The capture, transport and sequestration of CO2, together with research into high-efficiency solar power and new-generation nuclear power, is currently one of the most promising solutions for reconciling diverse and equally vital needs: ensuring the availability of sufficient power to meet the requirements of human development (nearly two billion people around the world do not have access to electricity) at competitive costs, while reducing the emissions that threaten our climate.

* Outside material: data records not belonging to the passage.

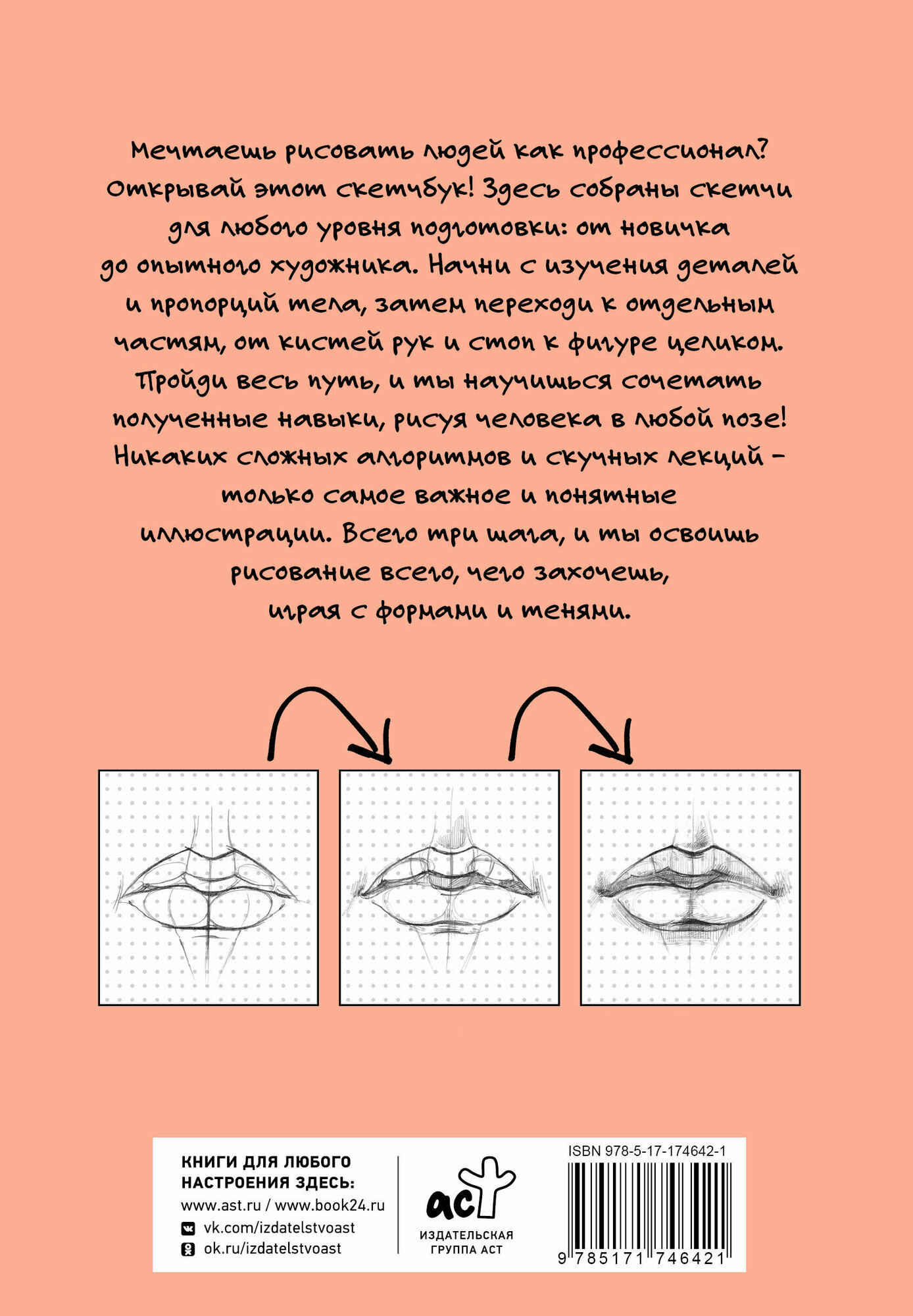 Рисуем человека по точкам карандашом книга от издательства АСТ — фото 1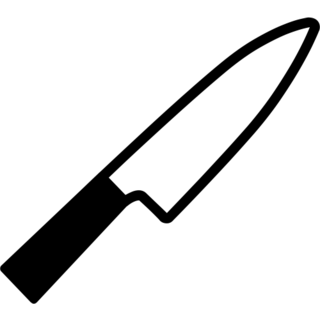 菜刀 as drawn by Microsoft in Windows 8.0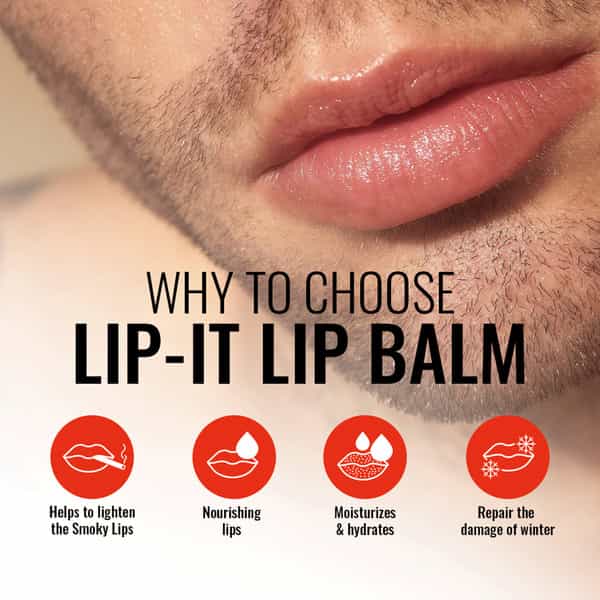 Man Arden Lip-It Lip Balm For Men Repairs & Moisturizes Lips Bubble Gum Flavour 4.5G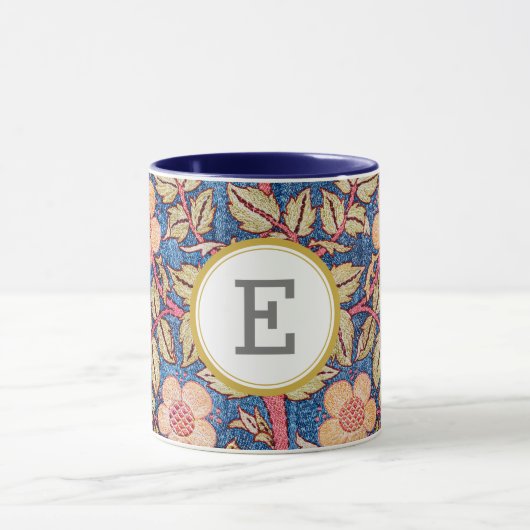 William Morris PERSONALISIERT INITIAL Tasse (Zentrum)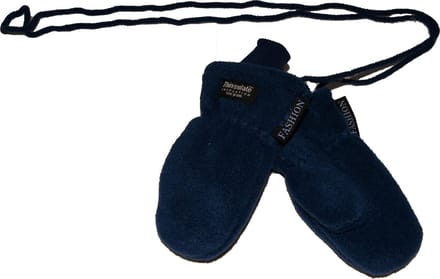 P&T Wanten Kinderen met Touwtje - Fleece - Thinsulate Voering - Donker Blauw - 3j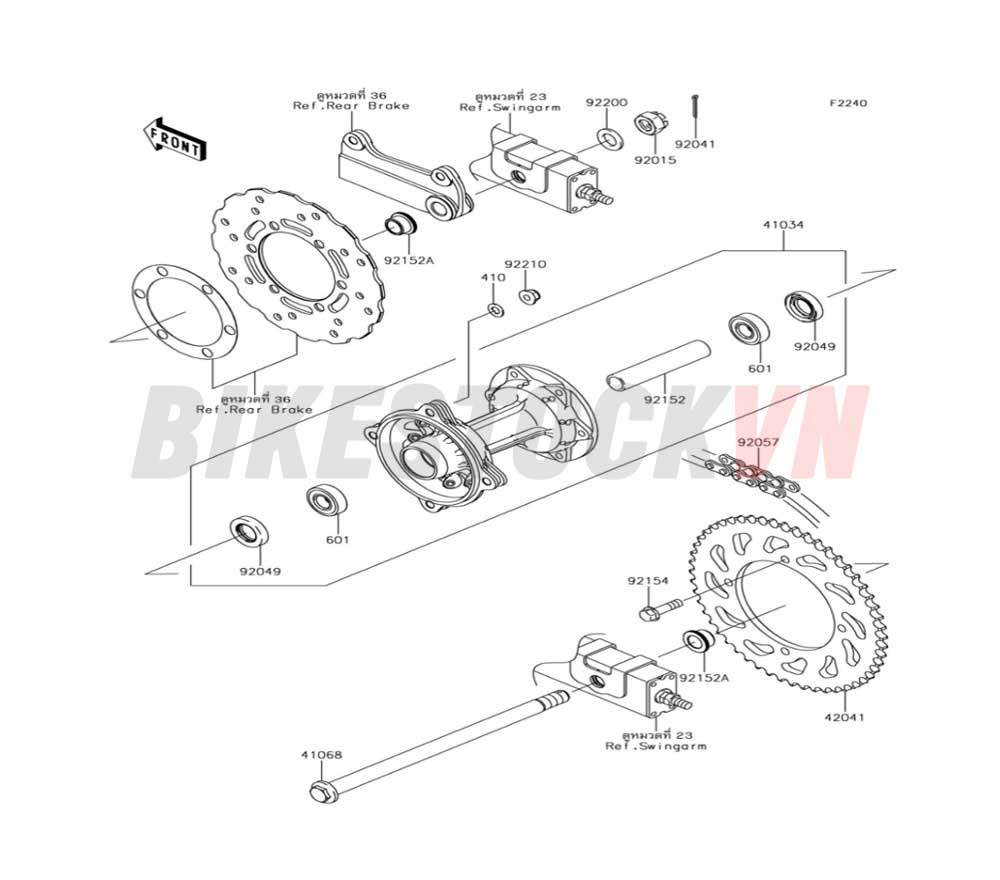 CHASSIS REAR HUB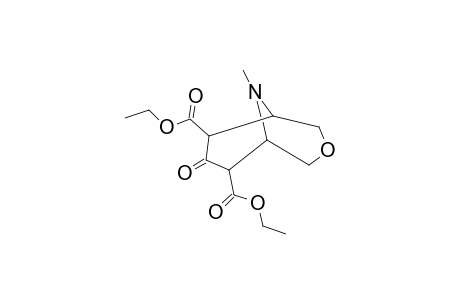 9-Azabicyclo[3.3.1]nonane-6,8-dicarboxylic acid, 9-methyl-7-oxo-3-oxa-, diethyl ester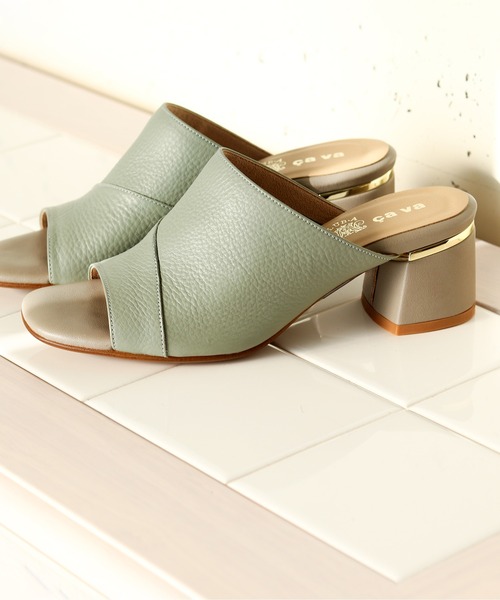 cava cava(サヴァサヴァ)の「ミュール 3720481(サンダル・レディース・ブラック/ライトグリーン/シャンパン・23.0cm/24.5cm/22.5cm/24.0cm/23.5cm)」の17枚目の写真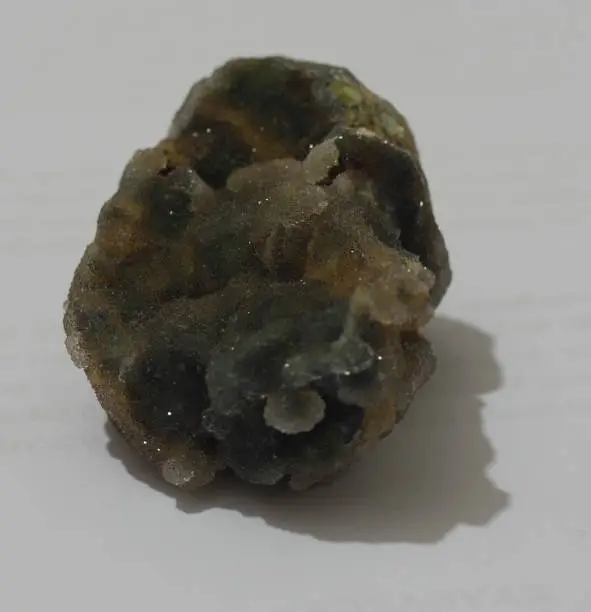 Close up photo of Chrysoprase stone.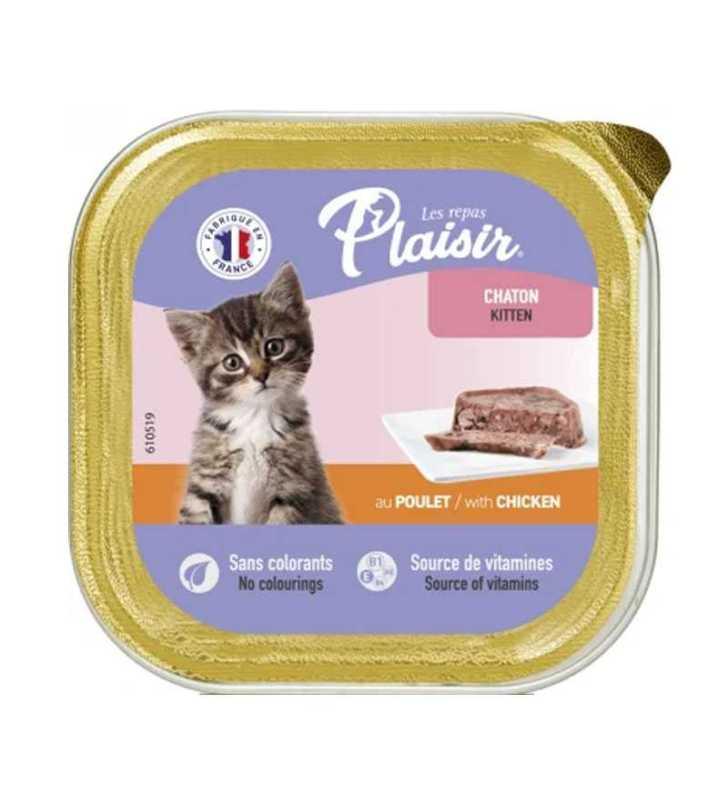 Plaisir barquette pour chaton 100 g
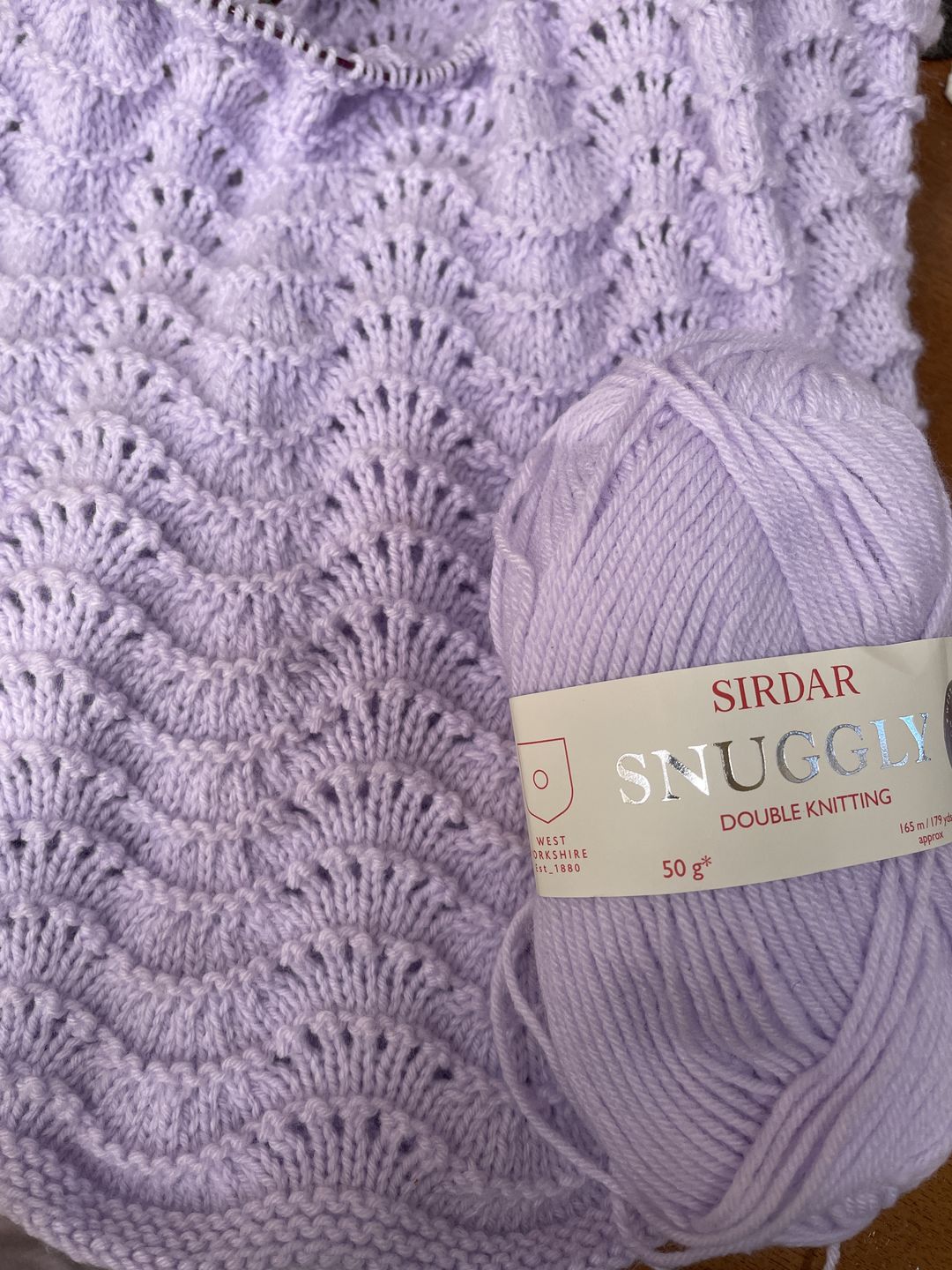 Customer photo review of Sirdar Snuggly 8 ply DK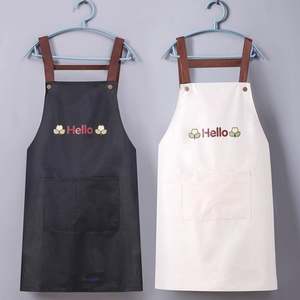 High Quality Waterdrop Resistant <b>Apron</b> with 2 Pockets <b>Apron</b> Bulk for <b>Kitchen</b> Cooking Restaurant BBQ Painting Crafting - Product Image 1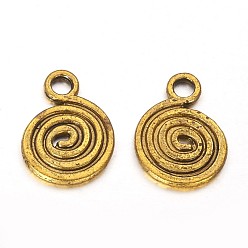 Antique Golden Tibetan Style Alloy Pendants, Lead Free and Cadmium Free, Antique Golden, 13.5x1.5mm, Hole: 3mm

For these reasons, from the United States to Australia, Germany, Norway and elsewhere around the world, research and experimentation is under way into approaches to “capturing” this gas, liquefying it and confining it at sites designed for permanent, safe storage. It is no coincidence that the European institutions have on numerous occasions underscored its importance in the fight against climate change, as it is a crucial tool to achieve the European target of cutting CO2 emissions by 20% within 2020. This is one of the three “twenties” set by the European Union along with a 20% increase of energy produced using renewable sources and a 20% increase of energy efficiency.

In this rapidly evolving environment, Eni and Enel have today decided to join forces to ensure that Italy can participate effectively at the cutting edge of this new technological challenge.

Eni possesses skills in the sequestration of CO2 in geological sites, such as depleted hydrocarbon deposits, deep saline aquifers, etc., while Enel is skilled in the capture of CO2, having launched two demonstration projects for CO2 capture and sequestration. Enel is also studying the potential of geological storage in areas near its power plants.

If the feasibility study is successful, Eni and Enel will jointly develop a draft “National Plan” for the capture, transport and sequestration of CO2 to be submitted to the government and to the competent Italian and European institutions. In particular, they are committed to conducting a joint assessment of national off-shore and on-shore CO2 sequestration options and the implementation of one or more pilot projects involving the integration of CO2 capture, transport and sequestration facilities.